S comme « Sérologie » 19/01/20

Faut-il faire une sérologie Covid-19 pré-vaccinale ? Non le plus souvent, car en population générale le taux de positivité de la sérologie reste faible (<15%) et donc, en dépistage, sans s’aider de l’anamnèse, il pourrait s’agir d’un faux positif et il est difficile de savoir si le patient est protégé et pendant combien de temps. Par contre, si le patient a présenté, plus de 2 semaines avant, des symptômes suggérant la COVID-19 ou s’il a été en contact étroit avec un cas avéré positif (probabilité pré-test élevée) la sérologie peut être utile : si elle est positive, appliquer les mêmes consignes que si le patient avait présenté la COVID-19 semble logique.

La vaccination positive-t-elle la sérologie ? Oui, si les anticorps recherchés par ELISA ou immuno-chromatographie (test de diagnostic rapide) comprennent ceux de la « spike » et si l’on est suffisamment à distance de la vaccination (2 à 3 semaines). Malheureusement les laboratoires ne précisent pas toujours le type d’anticorps détectés et ce n’est généralement pas écrit dans les notices des tests de diagnostic sérologique rapide. Ces méthodes de dosages ne permettent pas cependant d’évaluer correctement la protection (anticorps neutralisants) et ne sont donc pas conseillés au décours de la vaccination.

T comme « Test » 19/01/20

La vaccination peut-elle rendre la PCR ou les tests antigéniques positifs ?  Non !! En aucun cas.
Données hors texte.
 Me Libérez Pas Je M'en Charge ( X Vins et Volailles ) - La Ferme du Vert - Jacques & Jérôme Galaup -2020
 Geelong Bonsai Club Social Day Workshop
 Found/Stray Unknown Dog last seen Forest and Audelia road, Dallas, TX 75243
L’ARNm entre immédiatement dans les cellules et a une demi-vie très courte comme la protéine « spike ». Si ces tests sont positifs, c’est que le patient a été contaminé juste avant ou juste après la vaccination.

Le variant anglais positive-t-il les PCR ou les tests antigéniques utilisés habituellement pour le diagnostic de COVID-19 ? Oui le plus souvent, il faut juste vérifier que le test antigénique dépiste les nucléoprotéines et que la PCR comporte plusieurs gènes.
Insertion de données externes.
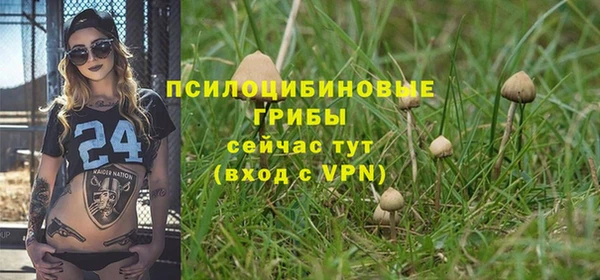 ешки Бронницы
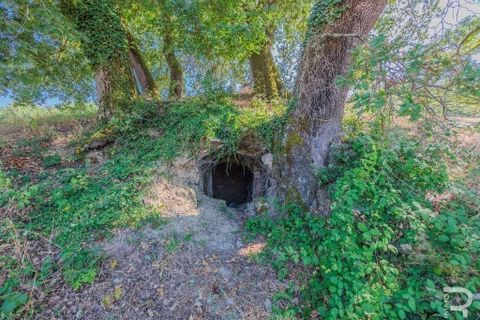 Farm hus i Certaldo, Florence, Certaldo - € 400.000 | Ref: R054683CERU-1337200 - foto 13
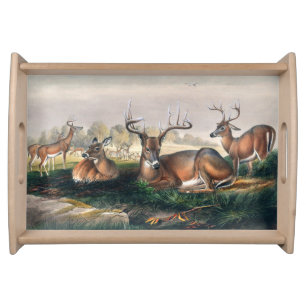 The White-Tailed by Joseph Wolf Serving Tray
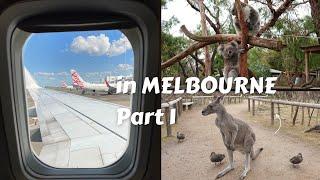 Travel Vlog  澳洲墨爾本 MELBOURNE VIC Australia part 1 ⎮ 抵達，初次遇見袋鼠無尾熊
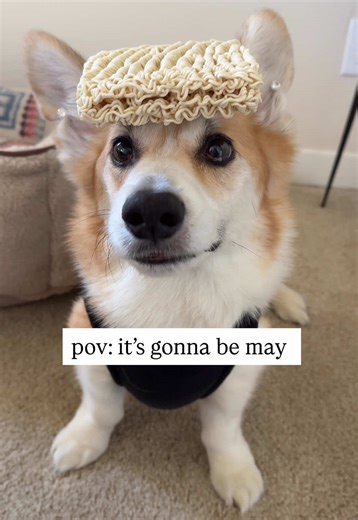 Corgi Dogs Dance to It's Gonna Be May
V comme « Variant anglais ou Sud-Africain » 19/01/20

Doit-on s’inquiéter de l’émergence en Angleterre ou en Afrique du Sud de nouvelles souches ? Oui !!! Comme de nombreux virus respiratoires, le SARS-CoV-2 mute en permanence. Il s’agit d’erreurs de lecture de l’acide nucléique, le plus souvent sans conséquence, mais qui parfois peuvent apporter un avantage écologique. Une mutation déjà ancienne sur la protéine « spike » (G- 614 au lieu de D-614) a conféré très probablement une plus grande transmissibilité. Le variant anglais (SARS-CoV-2 VOC 202012/01) présente en plus une mutation dans le domaine de liaison au récepteur de la protéine S en position 501 (l'acide aminé « asparagine » remplacé par la « tyrosine »), ainsi que plusieurs autres mutations et délétions (8, sur la Spike et une dizaine d’autres sur d’autres protéines). Ce variant comme le variant Sud-Africain est clairement, à tout âge, plus transmissible (>1,5 fois plus que les premiers SARS-CoV-2) et il va progressivement supplanter les autres du fait de cet avantage écologique. Il n’est pas responsable de formes plus sévères mais comme il est plus transmissible, on peut s’attendre à plus de cas symptomatiques plus de formes graves. Il ne semble pas, aux premières analyses, qu’ils échappent à l’immunité induite par une précédente infection ou à la vaccination. En pratique, ce variant doit imposer « encore plus » de mesures d’hygiène et de confinement et l’accélération des programmes de vaccination.